Hi @ptrblck I have a small NN with 4 outputs and I want that output to be in the range -10 to 10 strictly , I thought of using the tanh at the output and then multiplying it by 10. But I want to know if there is a better way to achieve this? because I found that the most values that I got by using tanh are very close to 0 like between range of -0.2 to 0.2 so after multiplying by 10 they become -2 to 2.
One thing you could do is, remove the
nn.Tanh() and just have a
nn.Linear module and then wrap the output with a
torch.clip see here. That could work!
I honestly think, that rescaling the target to [-1, 1] and using tanh-activation is the most solid way of approaching it.
I would probably not use clipping since you probably force the gradient to 0 if I’m not mistaken.
I think with clipping the gradient would only be zero for outputs out of the [-10,10] range.
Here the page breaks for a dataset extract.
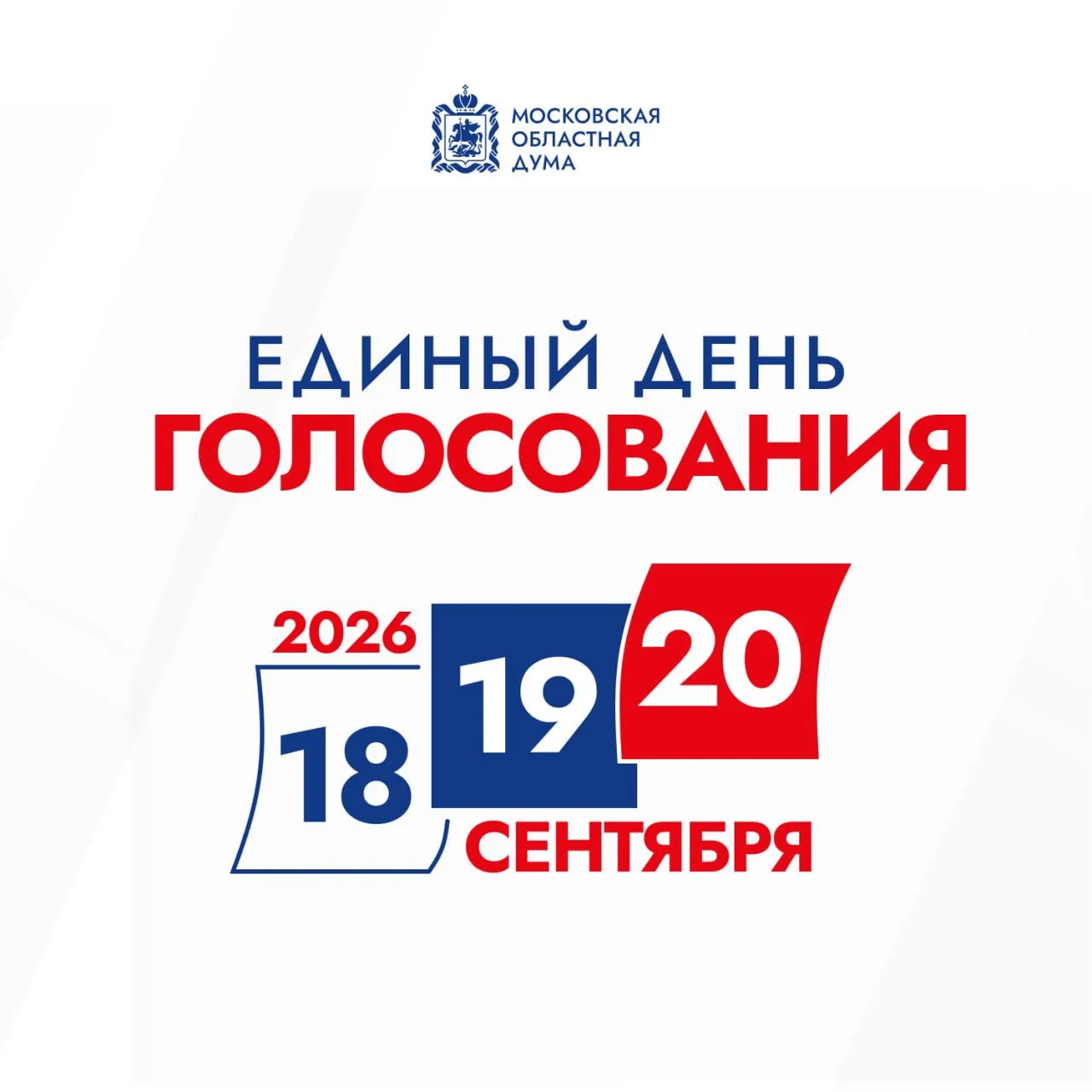 В ходе 139 заседания Московской областной Думы принято решение о назначении даты выборо...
Rescaling to [-1,1] is a solution but you can have issues with outliers force most outputs near the extremes (i.e +/- 10); clipping was just a way to circumvent that!
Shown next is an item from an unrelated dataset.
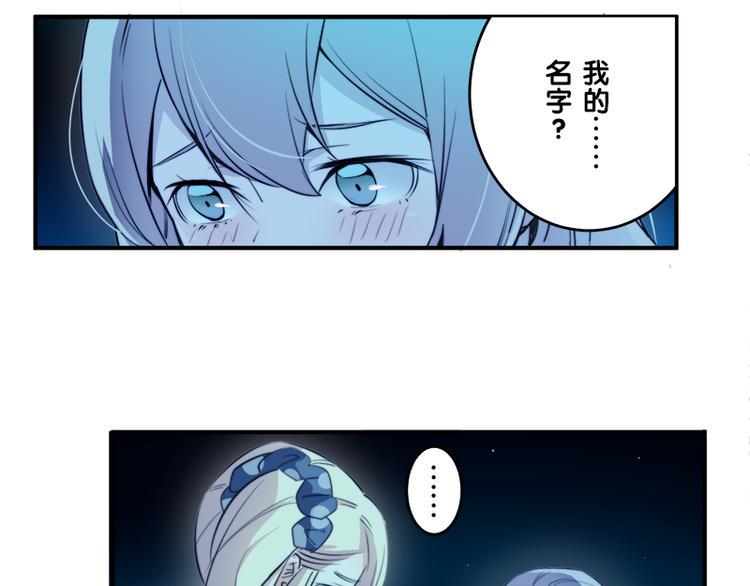 第7话 你的名字是...？96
Clipping gradients is not related to your output range I guess, it just prevents the gradients from exploding.
Clipping the output, will as you said mess with the gradients outside of the range you have defined, but would work perfectly fine within them. Though in my experience this will cause trouble especially with REINFORCE, but potentially with all algorithms.
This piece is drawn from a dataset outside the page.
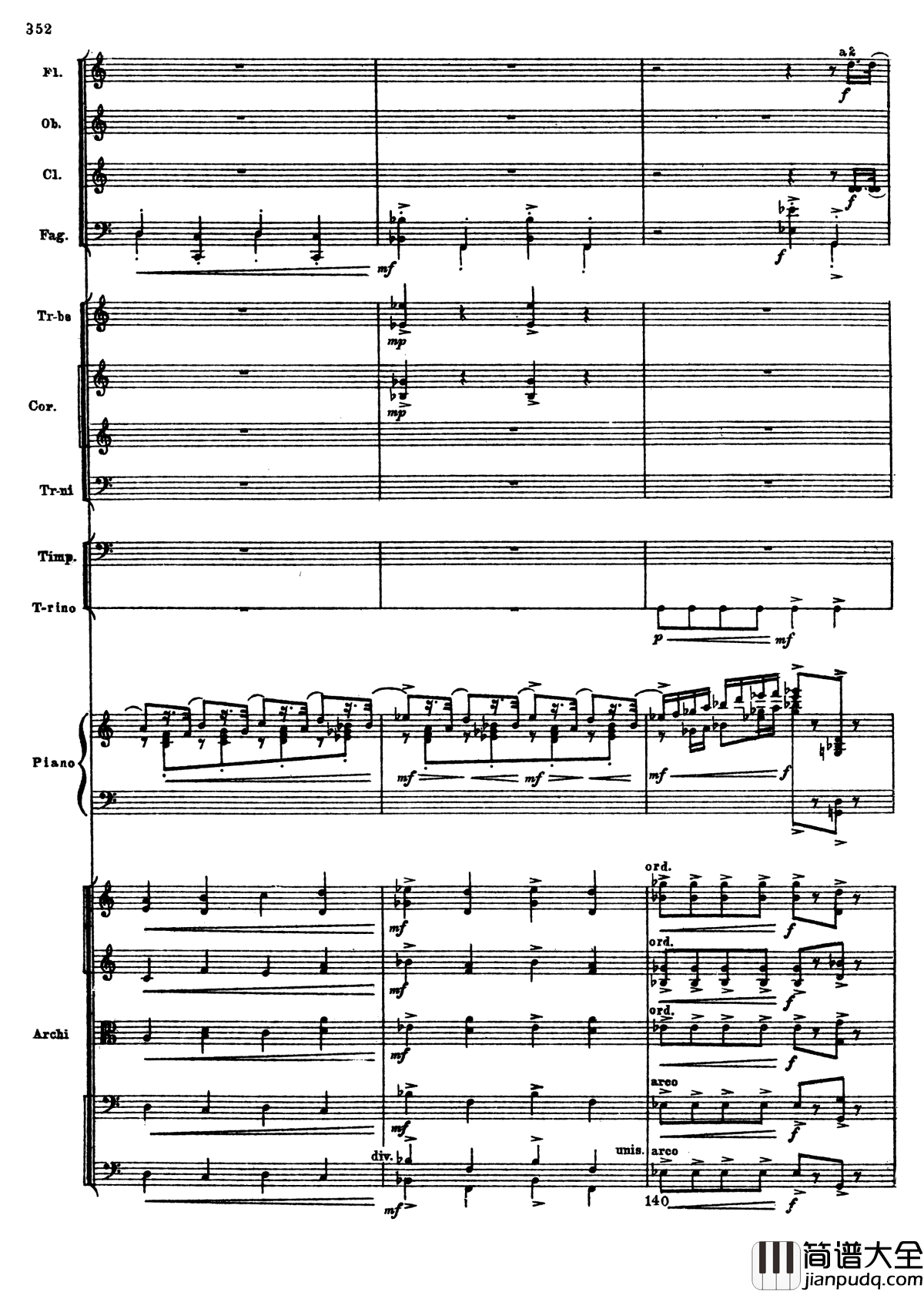 普罗科菲耶夫第三钢琴协奏曲钢琴谱_总谱_普罗科非耶夫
I’m not sure if I got you correctly, but what I meant was not just rescaling, but rescaling and using a sigmoid/tanh as output activation, then you have a constant gradient and do not have the issue of your values running “out of bounds”. Should have added that to the original post (in fact I will now). Or did I get you wrong?
Yes, what I meant by them is, that you clip the output in the range of [-10,10] (not the gradients of the outputs). Although, clipping the output would in effect set the gradients to 0 for any output with |y| > 10 (like you said).
What I mean is, if you re-scale the outputs you can have issues where outliers will affect the rescaling. For example, if most outputs are near say -0.5, and a few outputs are near 1. Then the rescaling will be distorted by the outliers near 1. One way to circumvent that is to clip the outliers and then rescale. Having a bounded activation function will mitigate this, but it can still be an issue. It’s just something to keep in mind when rescaling data!